Supplied information Block Start
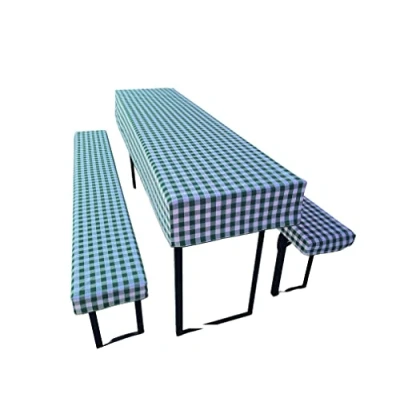 Immagine di Lemos Home Set di 3 cuscini per tende da birra, in 1 tovaglia e 2 copripanchine birra. Dimensioni colori a scelta. (110 x 60 cm, quadretti verdi)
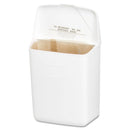 Hospeco Wall Mount Sanitary Napkin Receptacle-Abs, Ppc Plastic, 1 Gal, White - HOS250201W - TotalRestroom.com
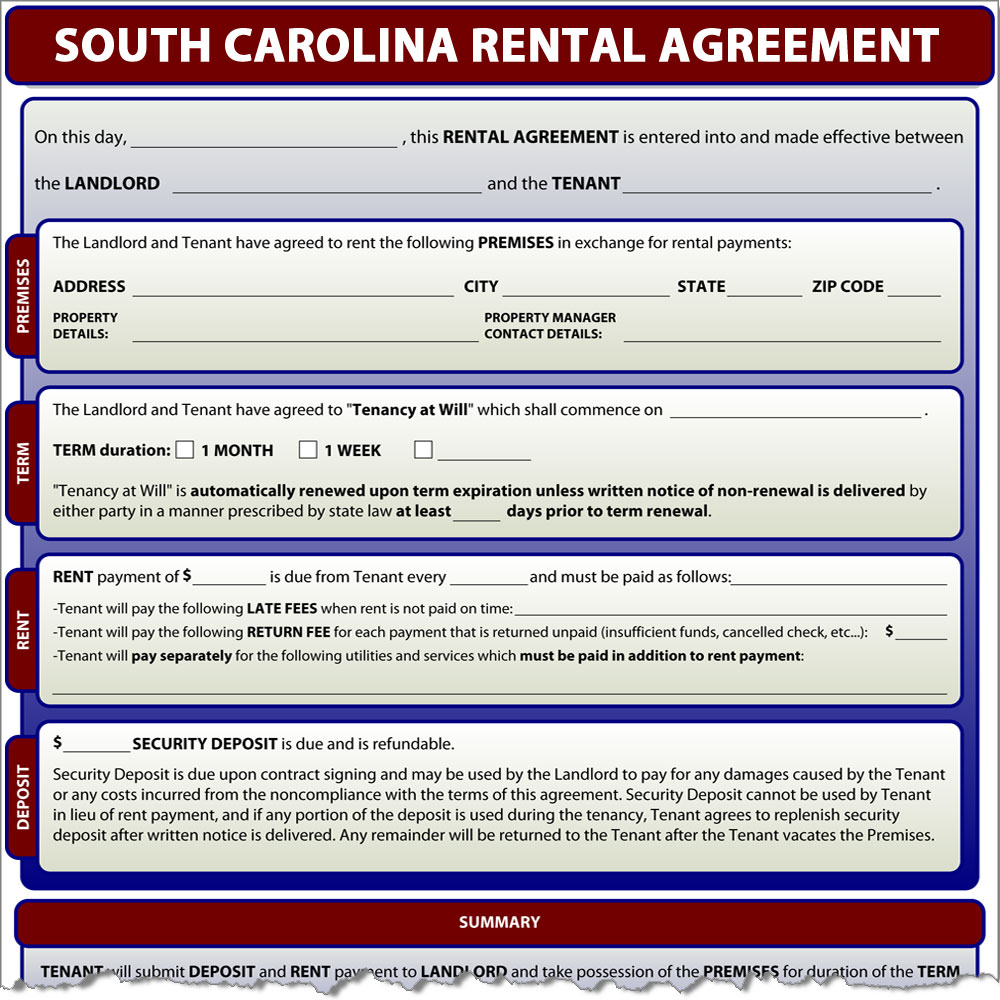 South Carolina Rental Agreement Form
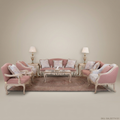 Rococo Carved Hardwood Salon Suite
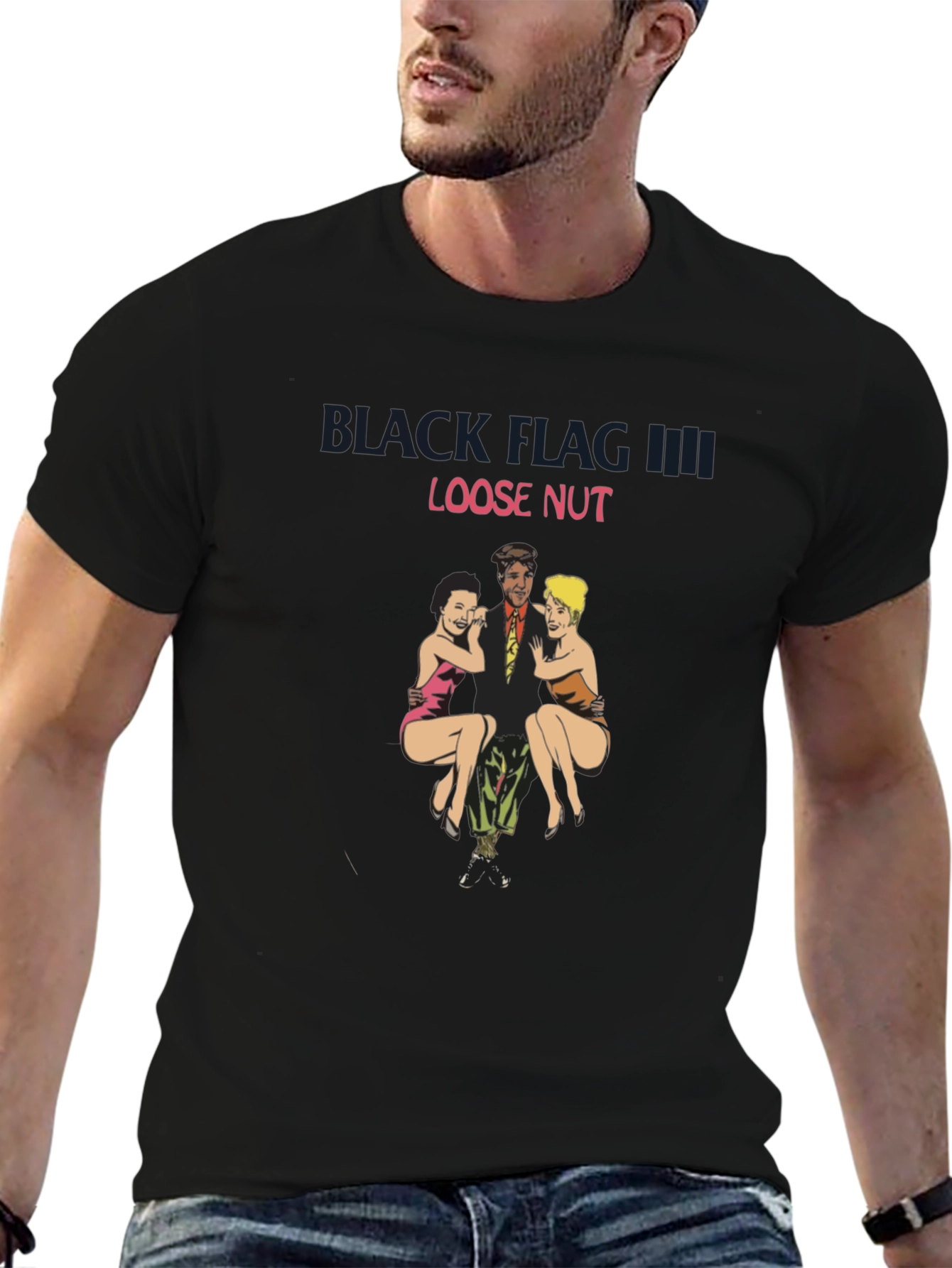 Black Black T-Shirt with "Loose Nut" Graphic view 6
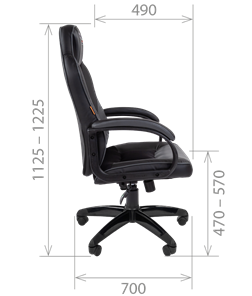 Кресло компьютерное CHAIRMAN GAME 17, цвет черный / серый в Копейске - предосмотр 2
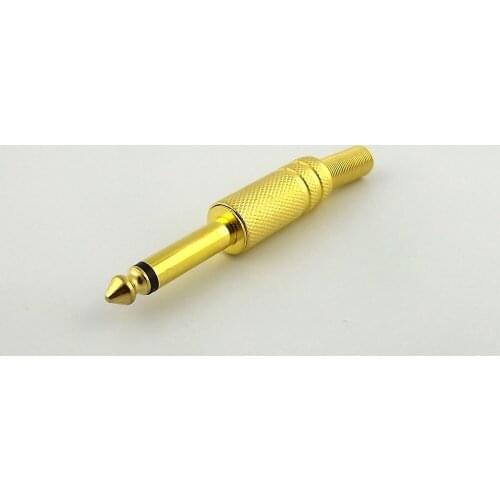 1pcs 6.35mm 1/4" Mono Male Plug Metal Audio Cable Solder Gold TS Adapter Connector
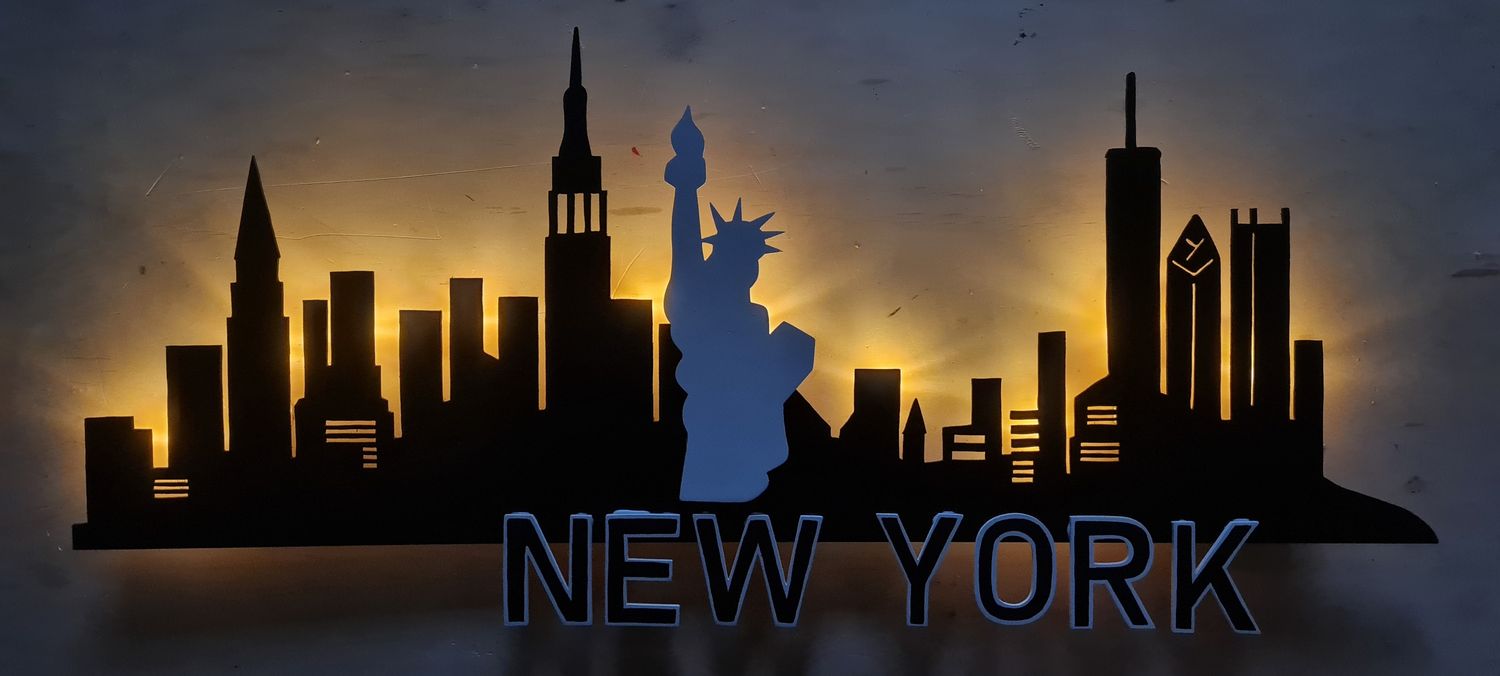 New York Skyline, Wandbild, Stadtsilhouette, Lampe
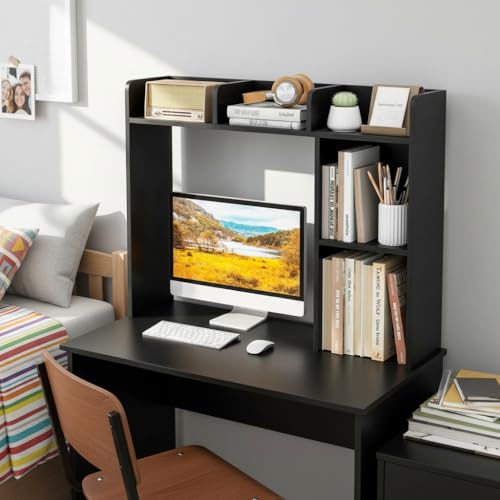 Tangkula Desktop Bookshelf, Countertop Storage Hutch with Shelves for Computer Desk, Desk 3-Tier Display Rack, Multipurpose Wood Desktop Hutch Storage Organizer for Dorm Office (Black,5 Shelves) - color: Black, size: 5 Shelves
Supplied information Block End
> _Your instructions_
Only the text of the entries above is to be given again, exactly, with the pictures left out.

> _Output below_
 Immagine di Lemos Home Set di 3 cuscini per tende da birra, in 1 tovaglia e 2 copripanchine birra. Dimensioni colori a scelta. (110 x 60 cm, quadretti verdi)
 Hospeco Wall Mount Sanitary Napkin Receptacle-Abs, Ppc Plastic, 1 Gal, White - HOS250201W - TotalRestroom.com
 South Carolina Rental Agreement Form
 Rococo Carved Hardwood Salon Suite
 Black Black T-Shirt with "Loose Nut" Graphic view 6
 Кресло компьютерное CHAIRMAN GAME 17, цвет черный / серый в Копейске - предосмотр 2
 1pcs 6.35mm 1/4" Mono Male Plug Metal Audio Cable Solder Gold TS Adapter Connector
 New York Skyline, Wandbild, Stadtsilhouette, Lampe
 Tangkula Desktop Bookshelf, Countertop Storage Hutch with Shelves for Computer Desk, Desk 3-Tier Display Rack, Multipurpose Wood Desktop Hutch Storage Organizer for Dorm Office (Black,5 Shelves) - color: Black, size: 5 Shelves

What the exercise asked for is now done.